The report also stated that CPUC’s Safety and Enforcement Division reviewed documentation and found that leak surveys on Aug. 14, 2010, and June 9, 2015, identified no leaks.

The exterior portion of the faulty pipe’s joint had fused sufficiently to remain pressure-tight until sometime between the last leak survey in June 2015 and the morning of January 12, 2017.

“Given the size of the ultimate leak, the final breach appears to have occurred within hours of the explosion,” according to the report. “Otherwise, the leak, which released odorized gas and caused bubbles in puddles, likely would have been detected.”

The bad fusion in that one part of the line caused a crack to open to gas pressure on the inside of the pipe, the report states, growing for 43 years from concentrated stress such as from rocks, tree roots, or ground movement. There is no evidence to indicate that stress from a dig-in or heavy vehicle traffic were factors.

The migration path of the leaking gas was confined by the driveway pavement and garage slab, forcing most of the migration horizontally and limiting the amount of released gas into the air. The migrating gas most likely entered the crawlspace through pervasive ground cracks in the drier soil within, according to the report.

Exponent found that PG&E’s emergency response to the explosion and fire was consistent with documented procedures, applicable regulations, and industry best practices.

“Had PG&E been able to stop the gas flow instantaneously after the explosion, the outcome would have been materially the same,” according to the report.

Clark and Skondin’s attorney, Douglas Adams of Sacramento, said the report is a step in the right direction.

“I’m pleased that they reached the right conclusion.
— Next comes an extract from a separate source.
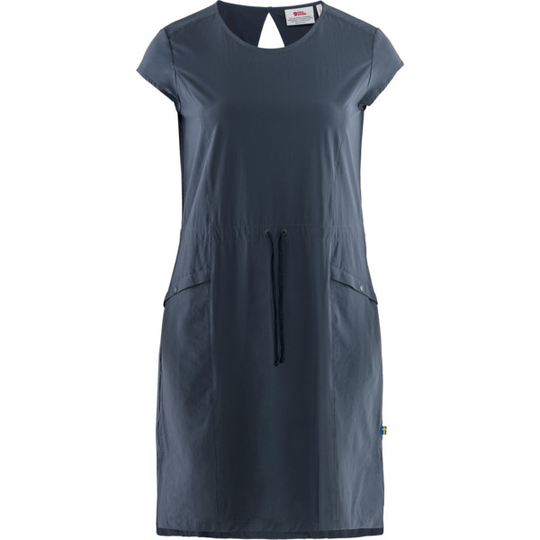 Fjällräven High Coast Lite Dress W - Navy - Naiset - XL - Partioaitta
This explosion and fire was caused by PG&E. My clients are continuing to suffer as a result of their improper conduct,” Adams said Thursday.

PG&E response

Spokesman Greg Snapper said PG&E was provided with the CPUC report – finalized last month – just Thursday.

“We want our customers to know that we have been hard at work since the incident occurred in January,” Snapper said in an email. “Our safety actions include regular leak inspections of our entire natural gas system using the best technology available, rapid response to gas odors, replacement of pipe and finding and fixing leaks.”

He noted PG&E’s safety actions, including:

– Pipe replacement along South George Washington and Bogue Road.

– Regular leak inspections in Yuba City and across its entire system.

– Rapid response to any odor call received.

– Exponent was immediately brought in to conduct a thorough investigation.

Snapper said that PG&E has reviewed leak records for the gas distribution system for fusion-related leaks, looking to see what trends or information could indicate potential fusion issues.

“We’re using this to inform our system-wide inspection and pipeline replacement program,” he said. “Leaks that appear to be a sign of fusion joints are further investigated and action taken to keep families and businesses safe.”

He noted that PG&E practices an intensive operator qualifications program overseen by the CPUC that ensures every gas worker performing pipeline installations is properly trained in the area of pipe fusions, among other required duties.

When asked if PG&E plans to financially aid Clark and Skondin, or what the next steps in the incident are, Snapper replied, “We’re going to continue supporting that community.”

Adams said his clients are still suffering from the traumatic event.

“Our clients are still recovering from and undergoing medical treatment for injuries, and we’re gathering evidence necessary to prove their claims,” Adams said.